Es un decir y un suponer pero, en resumidas cuentas, todo sigue y yo sigo en mi antipuente (me parece precioso estar viviendo esto, tomar un puente al revés como metáfora de tomar-la-vida-al-revés o no tanto, pero sí como voy pudiendo más allá de imposiciones del calendario gregoriano nacional o regional o local), mi antipuente está lleno de libros y de guitarra y de conversaciones que van llegando por las noches, cuando llaman al teléfonillo del portal y yo pregunto «¿no?» y casi siempre es alguien a quien quiero abrir (ver fig. 1) para adentrarnos en el terreno de juego (ver fig. 2 y fig. 3).
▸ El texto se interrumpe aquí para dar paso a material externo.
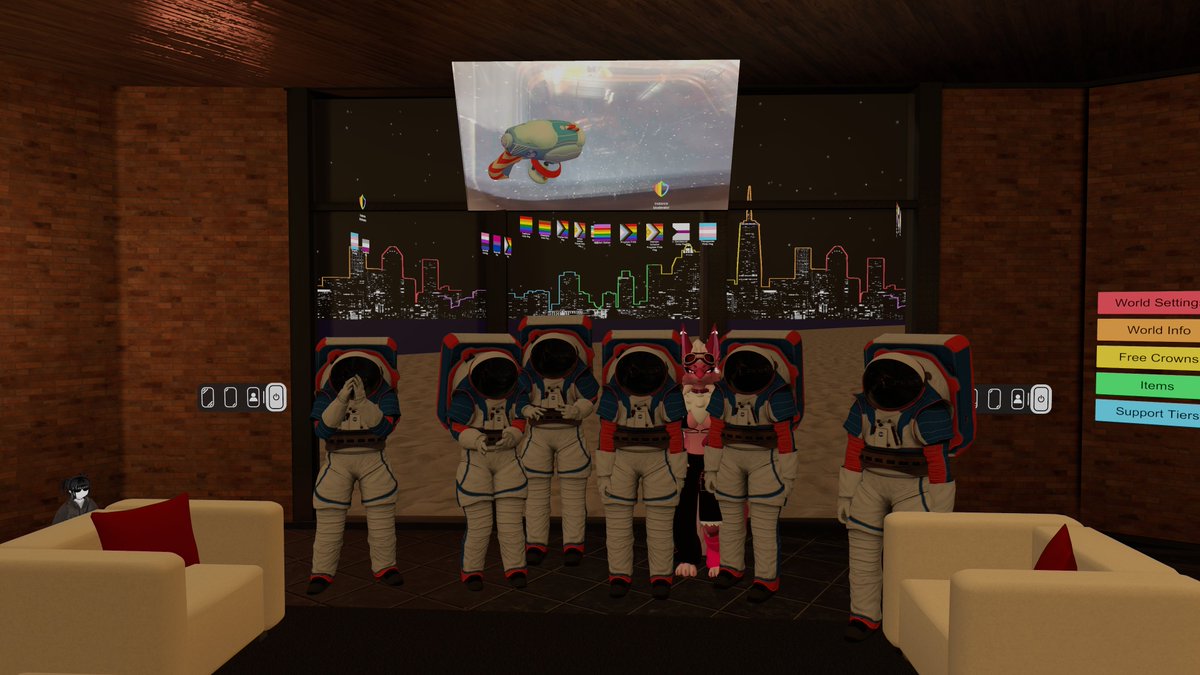 RefractionVR tweet media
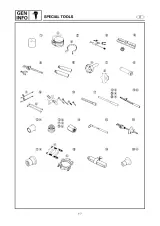 Yamaha 50G, 60F, 70B, 75C, 90A Outboard Motor 1999 Service Manual (P/N 6H2-28197-Z9-11) – preview page 2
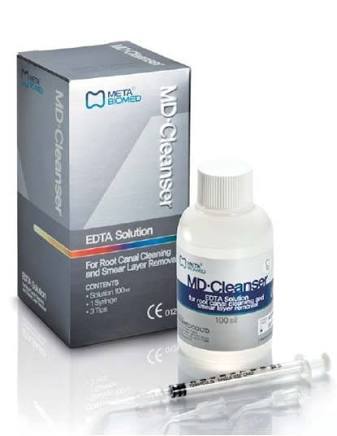 MD-Cleanser %17 lik EDTA Solüsyon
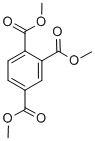TRIMETHYL 1,2,4-BENZENETRICARBOXYLATE CAS#: 2459-10-1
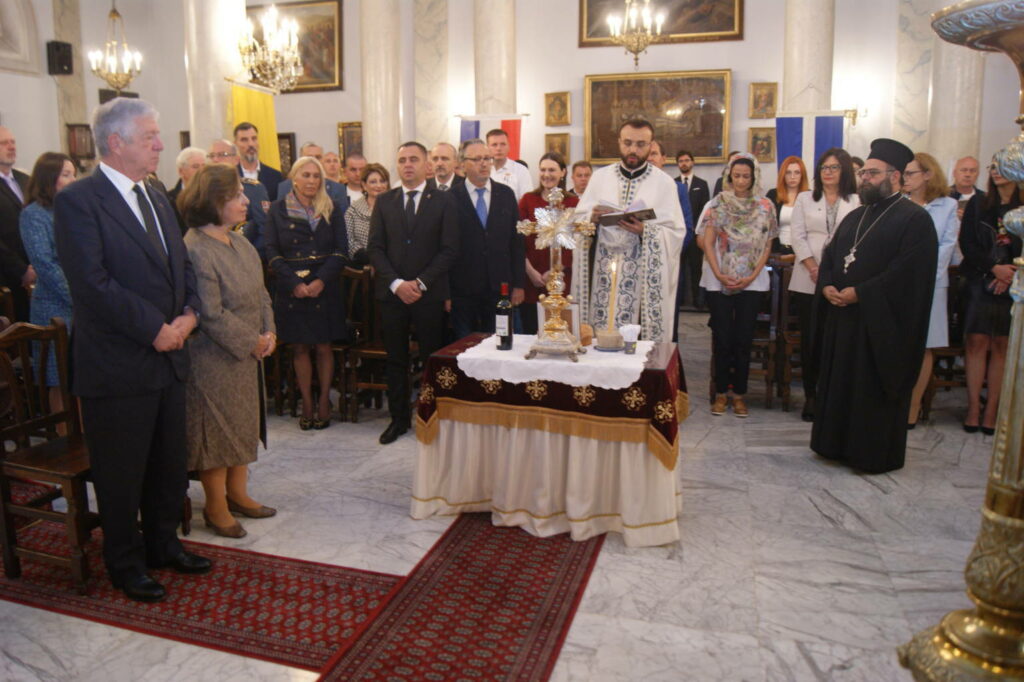 Commémoration de l’assassinat du roi de Yougoslavie à Marseille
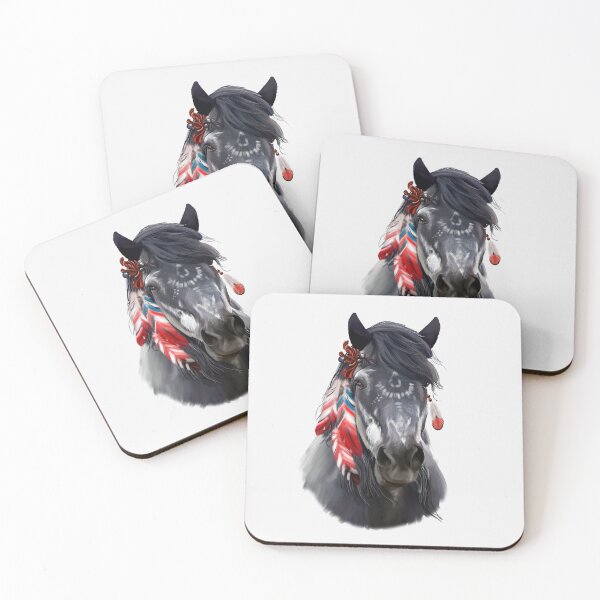 Item preview, Indian Horse Gifts designed and sold by Barnissim.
Me digo porque lo sé que es así y no de ningún otro modo como me gustaría vivir hoy por hoy, aunque tengo la sensación de estar en carnaval, en el sentido de estar en un tiempo de excepción, porque es sólo un antipuente y la vida consta de otras cosas menos digeribles y más necesarias y mucho menos que suficientes. No me importa porque yo no soy el anticuario, yo no voy mucho más allá de ahora o del «esto» (me gusta definirme en tiempos deícticos simples, siempre me ha gustado), y ahora está lo que está y yo estoy a gusto en medio de ello.
Apuro el café y enciendo un cigarro, releeré esto para pulir la ortografía y para ver si conseguí lo que pretendía cuando pensé en escribir esto. Pero esto no es más que un apaño, mucho menos que un boceto o una explicitación racional del contenido del continente de mi cerebro (pensamientos del cráneo, no de la corteza cerebral), esto es esto, y la realidad es otra (ver fig. 1). Esto es esto, y lo que yo pensaba mucho más abajo de las palabras es otro esto impronunciable, inefable.
Querer explicarlo es la concentración. Saber que ni de lejos y seguir queriéndolo es la broma, la risa vana-vacua.
La exacta medida de la felicidad o de lo que sea se encuentra en un punto difuso entre un abrazo y un adios.